The cephalosporin Claforan which was extremely effective, 99.9% killing in a test tube.  It may surpass its competitor Rocephin.  The drawback is the drug is dosed 4X per day.  Maybe a less cumbersome regimen will be effective. 
Another recent study found something else. The statin drugs, cholesterol lowering drugs decreased the load of Lyme spirochetes (in mice).  The drug inhibits an enzyme needed in the formation of peptidoglycan, an essential component of cell integrity.  The same pathway is found in other pathogenic bacteria, including Staph, Strep and Listeria. 
Should we all go on statins?  Cardiologist think we should.  This begs the question:  is it good or bad for the brain to lower cholesterol?  About 25% of the body’s cholesterol is in the brain.  Cholesterol is an essential component of the thick white, insulating coating covering the axons  (myelin) – the white matter of the brain.  Perhaps lowering cholesterol is bad for the brain.  Studies are conflicted as to whether statin drugs (Lipitor etc.) increase the incidence of dementia/Alzheimer or decreases the risk of dementia/Alzheimer’s.  The current belief is the risk of dementia is less. 
Your neurons are completely myelinated by the teen age years.

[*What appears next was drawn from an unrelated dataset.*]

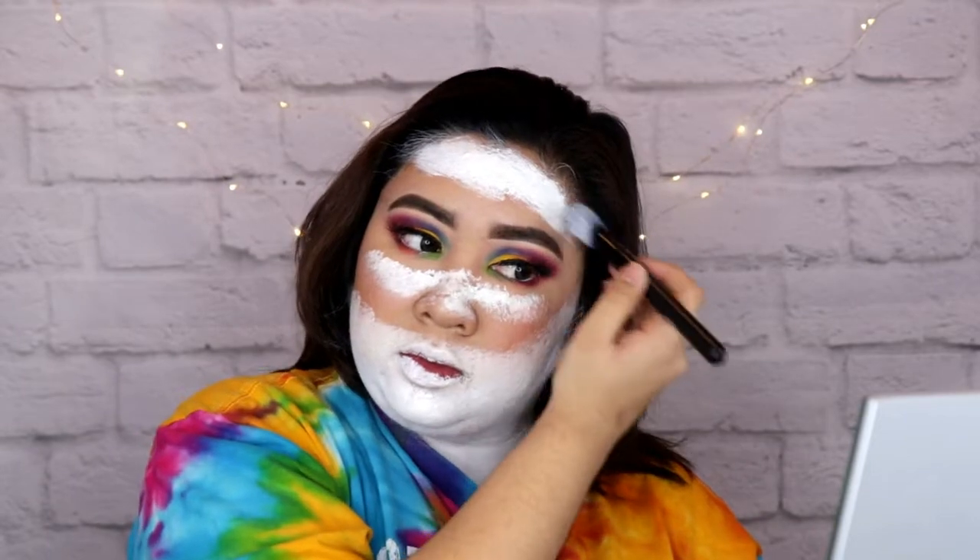Here's the final look in 3, 2, and 1. Hey guys, I'm back. So how do you like the finished look? Ako sobrang gusto ko to. And I get to create my blank canvas using this one — LA Girl Pro Coverage. Ito yung pang-mix nila sa foundation.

There is some dynamic remodeling that occurs during adulthood, therefore MRI white spots – damage to myelin may improve over time.  Studies have shown that statins decrease CRP and inflammatory cytokines which may aggravate brain inflammation. Statins may have anti-inflammatory effects in the brain.  After reviewing some literature, I think it is safe to take statins when you have “Lyme brain.”  The drugs reduce spirochete loads in mice. Whether it works in humans will be uncovered in future research which may be decades out. This is not a primary treatment for Lyme disease.

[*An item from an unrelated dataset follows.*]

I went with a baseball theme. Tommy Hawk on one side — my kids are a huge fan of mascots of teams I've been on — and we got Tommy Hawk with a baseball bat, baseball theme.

Most patients do not have a scientific background.  Many have learned the hard way.  IV ozone, magic inhalation therapy and stem cell transplant procedures are not going to cure you.  Maybe they help, maybe they don’t. A few of my patients have spent many thousands and tens of thousands of dollars discovering results fall short of the hype.  Treating chronic Lyme, in its worst forms is a process, a marathon, not a sprint.

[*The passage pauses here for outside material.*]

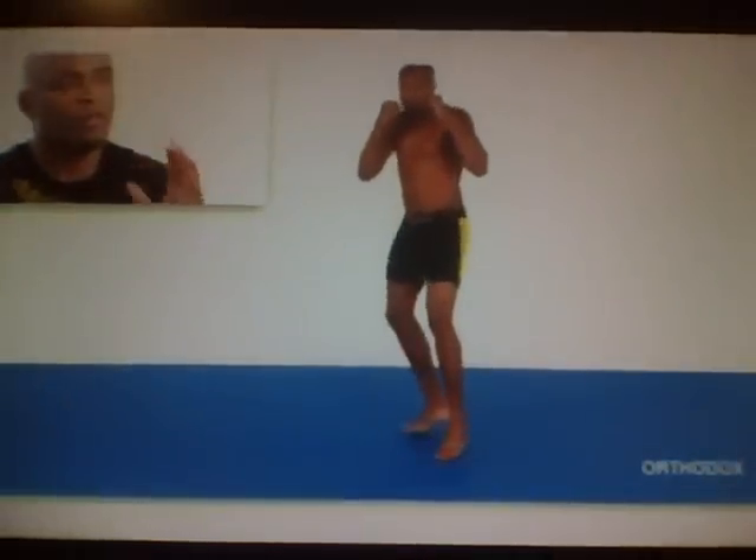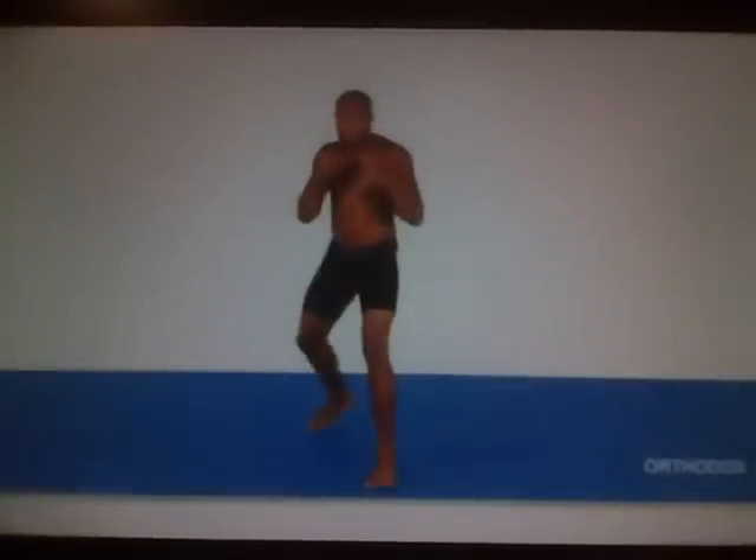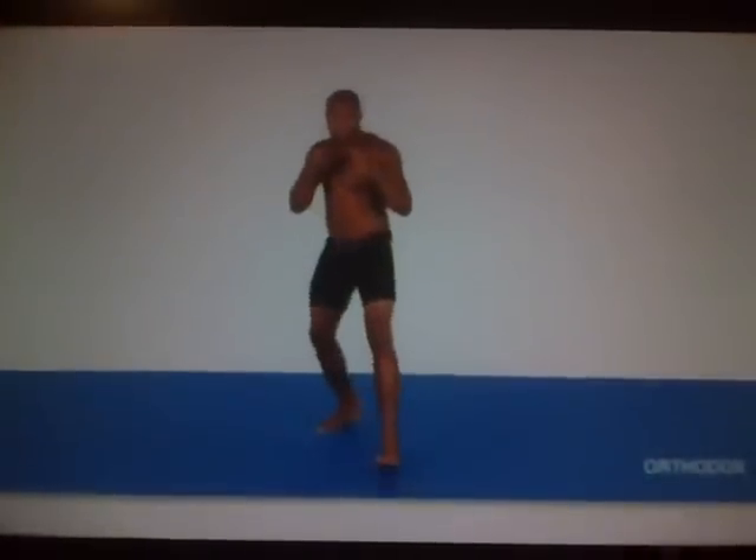In this sequence I demonstrate a shuffle step, which is a good technique to employ to cover a lot of distance in a hurry without breaking your stance. The forward shuffle step is generally used to set up an attack, and the backward shuffle step is generally used to evade one of your opponent's attacks.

Another antibiotic touted for chronic Lyme is the anti-Leprosy drug Dapsone.  It may have more toxicity than other choices. 


Anti-tuberculosis are also being promoted.  The TB drug Rifampin is already widely used.  Dr. Horowitz reports success with Pyrazinamide. This is the famous anti-persister drug used in active TB. The drug was tested in mice originally. Test tube screening was omitted in the 1950s at the time of development. When the drug was eventually tried in a test tube it did not work!  Based on screening procedures today, the anti-persister drug would have never been discovered. What else are we missing?  PZA is an indispensable drug for TB.  There is no evidence that it will be effective in Lyme disease. The mechanism of PZA is dependent on an enzyme only known to exist in Mycobacteria (genus of TB).   It has the potential for liver toxicity.


Is there anything new to try?  There is always something new to try.  Let's find what works best for you.